La ministre de l’Éducation Adriana LaGrange a qualifié la grève de « décevante » et « perturbante pour l’apprentissage des élèves, » soutenant que l’offre du gouvernement aux enseignants était équitable compte tenu des réalités économiques actuelles. La province affirme avoir augmenté le financement de l’éducation, bien que les enseignants rétorquent que le financement par élève a effectivement diminué en tenant compte de l’inflation et de l’augmentation des inscriptions.
Sur la ligne de piquetage devant l’école secondaire Strathcona, Derek Chen, professeur de physique, souligne les implications plus larges. « Il ne s’agit pas seulement d’argent. C’est l’avenir de l’éducation en Alberta qui est en jeu. Nous voyons des enseignants expérimentés quitter la profession parce que les exigences sont devenues insoutenables. »
En effet, les données de l’ATA indiquent que près de 40% des nouveaux enseignants quittent la profession dans leurs cinq premières années, citant la charge de travail et le manque de soutien comme facteurs principaux.
Pour l’économie d’Edmonton, la grève crée des effets d’entraînement au-delà de l’éducation. Les parents qui prennent congé pour s’occuper de leurs enfants affectent les entreprises locales, tandis que d’autres signalent des dépenses accrues pour des alternatives de garde d’enfants. Certains cafés locaux près des écoles ont proposé des offres spéciales aux enseignants sur les piquets de grève, leur apportant du café chaud en signe de solidarité.
Au Mill Creek Café, la propriétaire Elena Vladescu livre gratuitement du café aux enseignants en grève dans trois écoles voisines. « Ce sont nos voisins, nos clients, les personnes qui enseignent à nos enfants, » dit-elle. « Edmonton est une communauté qui se soutient dans les moments difficiles. »
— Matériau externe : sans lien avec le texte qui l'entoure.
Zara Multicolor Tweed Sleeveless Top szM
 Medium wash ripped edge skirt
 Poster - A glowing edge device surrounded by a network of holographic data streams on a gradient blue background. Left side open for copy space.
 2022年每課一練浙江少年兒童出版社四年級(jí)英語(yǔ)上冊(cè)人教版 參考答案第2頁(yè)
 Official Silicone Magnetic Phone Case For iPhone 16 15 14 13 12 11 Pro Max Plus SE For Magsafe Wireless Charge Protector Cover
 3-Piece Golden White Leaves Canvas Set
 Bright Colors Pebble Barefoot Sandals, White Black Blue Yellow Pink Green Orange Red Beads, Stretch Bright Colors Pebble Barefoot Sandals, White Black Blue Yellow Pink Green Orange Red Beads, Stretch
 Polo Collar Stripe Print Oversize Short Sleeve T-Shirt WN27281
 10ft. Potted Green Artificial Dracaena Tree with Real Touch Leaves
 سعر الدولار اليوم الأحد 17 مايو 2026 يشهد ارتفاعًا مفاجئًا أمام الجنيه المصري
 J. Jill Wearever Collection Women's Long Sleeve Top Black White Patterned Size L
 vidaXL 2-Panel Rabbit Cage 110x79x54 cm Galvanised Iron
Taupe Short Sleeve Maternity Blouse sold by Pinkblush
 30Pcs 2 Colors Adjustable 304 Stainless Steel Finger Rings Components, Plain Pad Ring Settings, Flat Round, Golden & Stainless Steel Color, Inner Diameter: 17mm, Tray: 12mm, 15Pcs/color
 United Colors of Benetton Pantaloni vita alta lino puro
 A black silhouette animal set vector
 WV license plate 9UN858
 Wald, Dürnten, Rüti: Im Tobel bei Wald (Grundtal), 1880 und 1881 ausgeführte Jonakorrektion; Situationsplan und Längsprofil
La durée de la grève reste incertaine. Les deux parties se disent prêtes à reprendre les négociations, bien qu’aucune ne semble prête à modifier significativement sa position. Entre-temps, les familles d’Edmonton s’adaptent au jour le jour.
Pour les élèves du secondaire comme Aiden Marsh, étudiant de terminale à McNally, le moment crée de l’anxiété concernant les examens de fin d’année et les préparatifs universitaires. « Je m’inquiète de manquer des cours juste avant les examens finaux, » dit-il en visitant la bibliothèque publique pour étudier de façon autonome. « Mais je comprends aussi pourquoi mes professeurs estiment qu’ils doivent faire cela. »
Les organismes communautaires se mobilisent pour aider. Le Conseil scolaire public d’Edmonton a maintenu l’accès aux ressources d’apprentissage en ligne, tandis que des étudiants universitaires en éducation ont organisé des séances de tutorat bénévoles à divers endroits de la communauté.
Alors que le soleil se couche sur le premier jour de cette grève historique, les rues d’Edmonton se remplissent d’enseignants qui rentrent chez eux après avoir fait du piquetage plutôt que d’enseigner. La question que tout le monde se pose: combien de temps avant que le rythme familier des cloches d’école et des discussions en classe ne revienne à la normale?
Pour l’instant, notre ville attend, s’adapte et espère une résolution qui renforce plutôt que divise notre communauté éducative.